Aachen Cathedral, a Roman Catholic Church in the city of Aachen in Germany, is considered as one of the oldest cathedrals in Europe. Frequently referred to as the Imperial Cathedral, it was known as the Royal Church of St Mary in Aachen during the Middle Ages. The cathedral is immensely significant in terms of architecture and is one of the best preserved architectural monuments of the Carolingian period. Built on the line of the churches of the Eastern part of the Holy Roman Empire, it was splendidly enlarged in the Middle Ages.
Originally, Aachen was a Roman spa called Aquisgranum and it rose to prominence in the late 8th century during the rule of Charlemagne, when he made it his favourite residence and gradually it became a centre of Western culture and learning. For 600 years, from the coronation of Otto in 936 until 1531, the Aachen chapel was the church of coronation for 30 German kings and 12 queens. The city was fortified in the late 12th century and became a free imperial city in about 1250.
The foundation stone of the Aachen Cathedral was laid sometime around 790 AD by Charlemagne, along with the towers of his Palatine Chapel. After his death, Charlemagne was buried in the chapel in 814 and after he was canonized in 1165, the chapel became a draw for pilgrims.
However, his remains were later transferred to the Shrine of Charlemagne in the Cathedral altar, adorned with engravings of the King and Pope Leo III, who crowned Charlemagne as the Imperator Romanorum, Emperor of the Romans, in the year 800.
The great dome of Aachen Cathedral above its altar is octagonal, as Charlemagne placed special significance on that particular number, which appears frequently in the Holy Bible. In fact, it was charged with symbolism in the Christian world during medieval times.

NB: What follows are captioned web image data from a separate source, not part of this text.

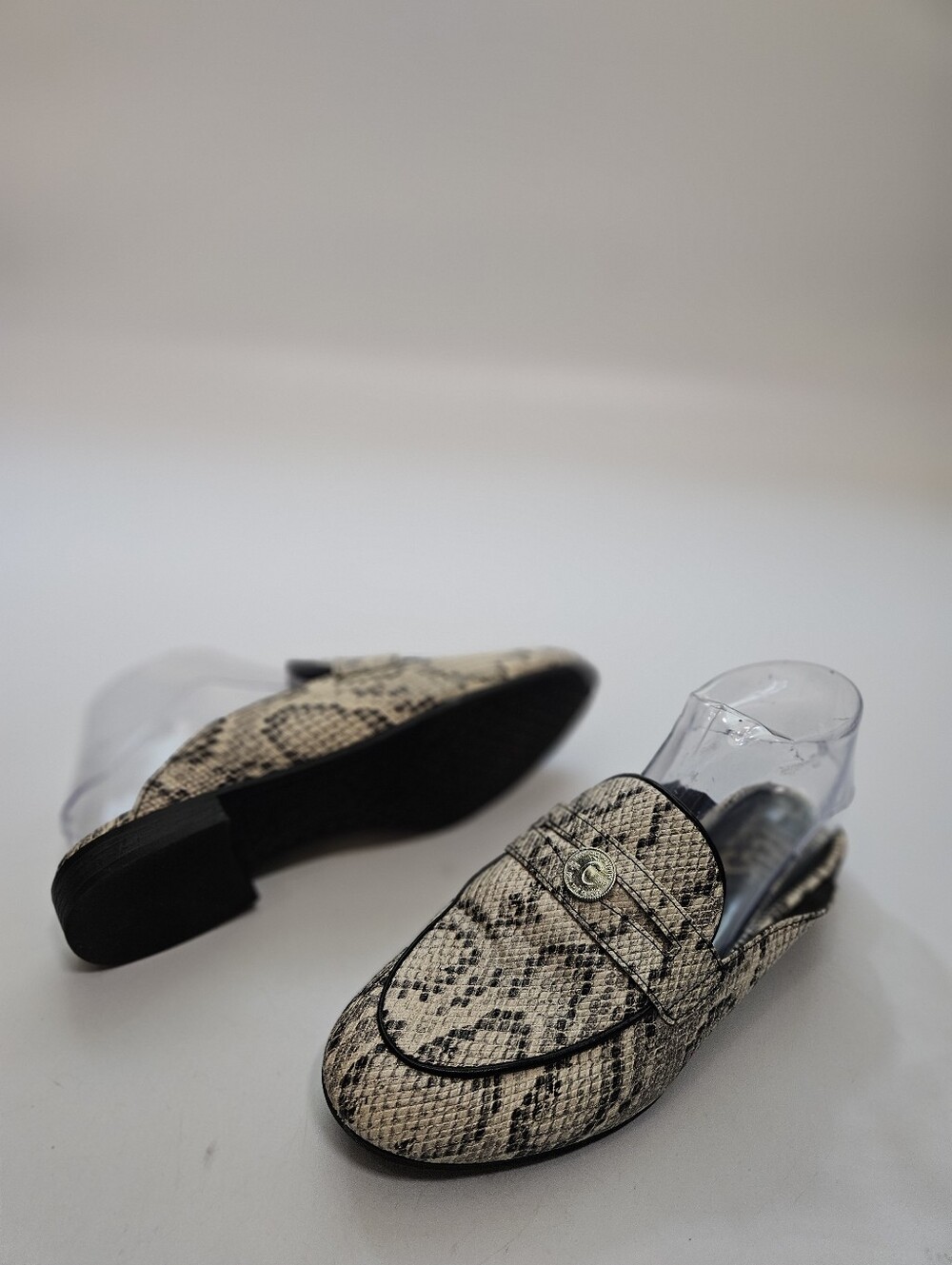 Circus by Sam Edelman Women's Hal Snakeskin Slip On Penny Loafer Mule Size 7.5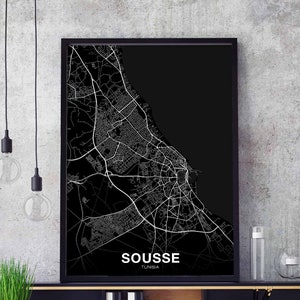 SOUSSE Tunisie carte affiche noir blanc ville natale ville impression moderne décor à la maison bureau décoration mur art dortoir chambre cadeau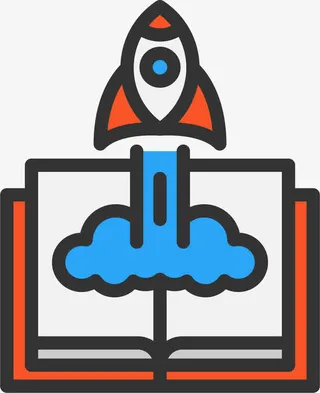 从书本发射的火箭免抠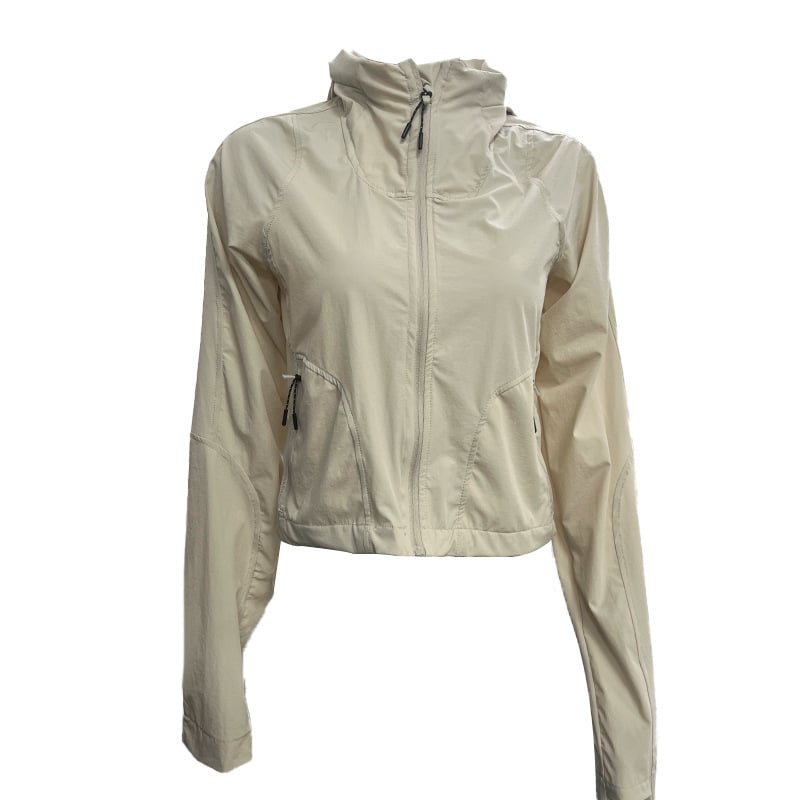 Geacă de exterior pentru femei cu glugă, rezistentă la vânt, lungi — respirabilă, uscare rapidă, material nylon-spandex 90/10, UPF50+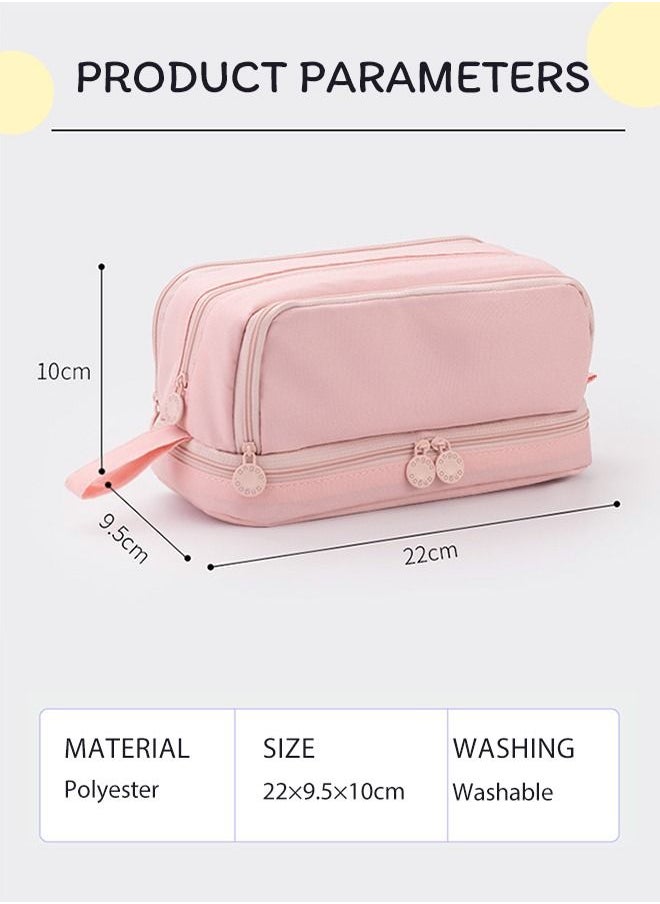 HomarKet - Big Capacity Pencil Case Canvas High Large Storage Pouch Marker Pen Case Simple Stationery Bag School College Office Organizer for Teens Girls Adults Student Pink - Image 1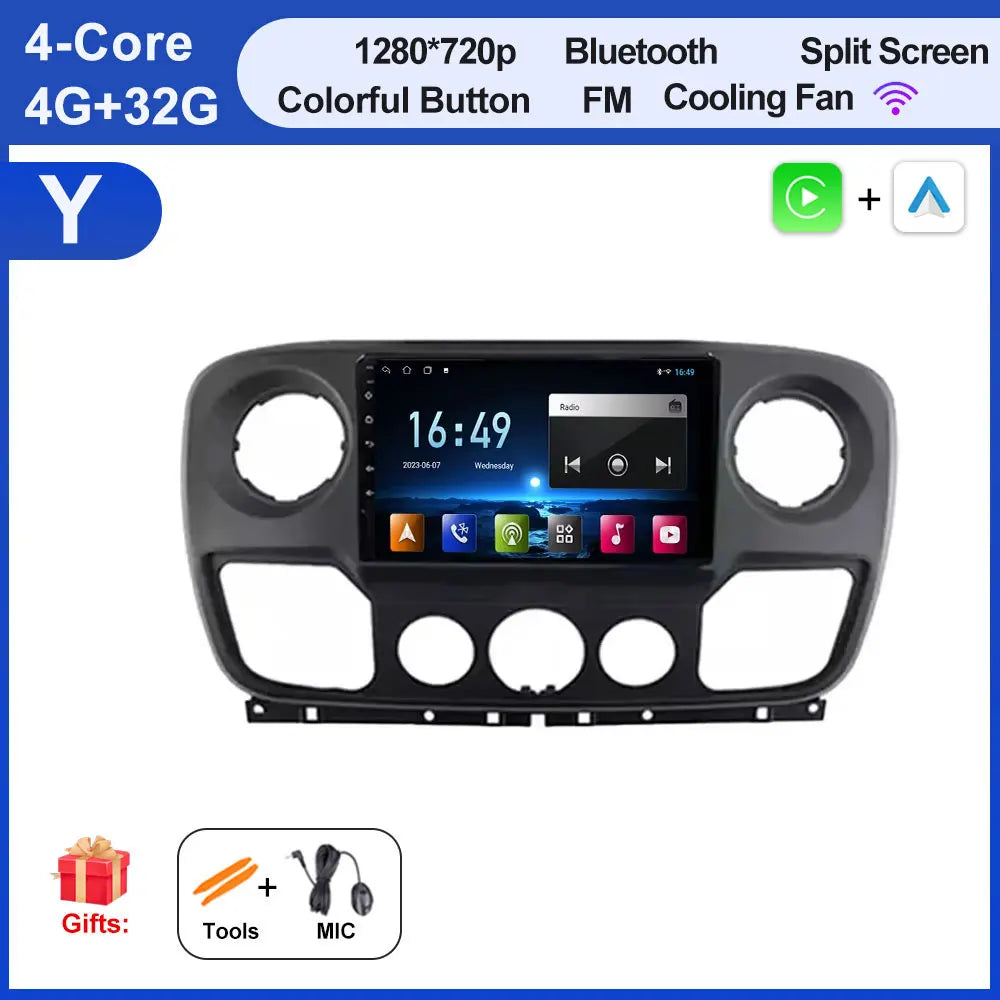 Android Auto, CarPlay sans fil Nissan NV400, Opel Movano, Renault Master III (2010-2019)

It is interesting to note that an octagon can be made by drawing two intersecting squares within a circle. While the circle represents the eternity of God, the square represents the secular world. The four corners represent the four directions to heaven, as well as the four characteristics of man. Charlemagne saw the number eight as symbolizing the power of the Franks and the Roman Empire, the ruler of both the secular and religious worlds.

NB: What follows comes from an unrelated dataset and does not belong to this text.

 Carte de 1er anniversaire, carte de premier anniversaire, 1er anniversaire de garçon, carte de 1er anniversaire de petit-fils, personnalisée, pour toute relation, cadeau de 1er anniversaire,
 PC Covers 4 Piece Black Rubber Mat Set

The Cathedral was built in the form of an octagon with the choir and chapels and the octagon takes the core position of the cathedral. It is decorated with golden mosaic pictures with the God and twenty four Ancients around Him. Apart from that the interior is also decorated with fascinating statues and the grave of Charlemagne, marked by a stone slab over which hangs a huge bronze chandelier presented by Frederick I Barbarossa in 1168. The chandelier is inscribed with a dedication to Mary from Barbarossa and his wife Beatrix. The high altar and the Imperial throne are located on the upper circuit of the Palatine Chapel in an octagonal side room. An octagonal drum, with window openings rises, is located above the arches of the gallery and is crowned with a cupola. Much later, a Gothic Coir was built to the east of the octagon between 1355 and 1414.
There are two golden shrines elevated inside glass boxes in the Gothic choir. The one closest to the Octagon is the Shrine of the Virgin Mary or Marian Shrine (1238) and the one in the back is the Shrine of Charlemagne (1215). The Shrine of the Virgin Mary contains the Four Great Relics of Aachen, which include the shroud of the Blessed Virgin, the God’s loincloth, the Jesus’ swaddling band and the cloth on which the head of St John was placed after his beheading.
The city of Aachen, including its famed cathedral, was heavily damaged during World War II, when the choir hall, the Neo-Gothic altar, a large part of the cloister and the Holiness Chapel were completely destroyed. Reconstruction and restoration process continued intermittently for a prolonged period, which finally took more than 30 years to complete.
Aachen Cathedral became the first ever German cultural monument to be added to the UNESCO World Heritage List in 1978.